You have probably already filed your federal taxes as individual, business, or both. We have gathered a few essential tax tips you should do now to minimize your burden before next year catches you by surprise.
1. Be Aware of Your Tax Bracket
What tax bracket you are in determines how much you will pay. You don’t want to be in that “danger zone” where making more in income actually costs you more in taxes. New tax brackets for 2021 have not been announced. However, rumors are they may rise. For 2020, federal tax rates start at 10% and rise to 35%.
Current Tax Brackets:
- 10% for single individuals making less than $9,875 or married couples making less than $19,750.
- 12% for single individuals making more than $9,875 or married couples making more than $19,750.
- 22% for single individuals making less than $40,125 or married couples making less than $80,250.
- 24% for single individuals making less than $85,525 or married couples making less than $171,050.
- 32% for single individuals making more than $163,300 or married couples making more than $326,600.
- 35% for single individuals making more than $207,350 or married couples making more than $622,050.
You may click here for more 2020 tax bracket info from the IRS.
2. Make Tax-Deferred Contributions
Those of you with a 401(k) or traditional IRA can dodge quite a bit of taxes by contributing to them. This is not considered income as usual and will be deducted from your total income. You may contribute up to $19,5000 to your 401(k) or $26,000 if you are over the age of 50. Each dollar you put into a 401(k) or traditional IRA will decrease your taxable income for the year. A main benefit is it can drop you into a lower tax bracket and save you thousands. Even if it doesn’t take you down a tax bracket, you will still be taxed less and have more money for retirement. You may also donate to charities in order to reduce your taxable income. Consult your bookkeeper for how much is ideal to save and donate.
3. File Early
Filing early is an excellent choice, especially if you are owed a refund. Those of you who owe the IRS should still consider filing early. Filing early has other benefits, the main of which is fraud prevention.

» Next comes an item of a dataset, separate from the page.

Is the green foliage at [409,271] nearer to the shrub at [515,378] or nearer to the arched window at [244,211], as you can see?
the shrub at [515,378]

Scammers enjoy filing incorrectly as you or your business, collecting a refund they didn’t earn, then leaving you to clean up their mess.
4. Save Your Documents
It is easier than ever to save receipts both digitally and in print. Use mobile tools and more to get everything organized in time for next year. Keep your taxes in your mind for the entire year. Be sure not to overlook opportunities to reduce your taxable income such as mileage, certain medical expenses, and much more. You’ll be glad you thought ahead when next year’s tax season comes around.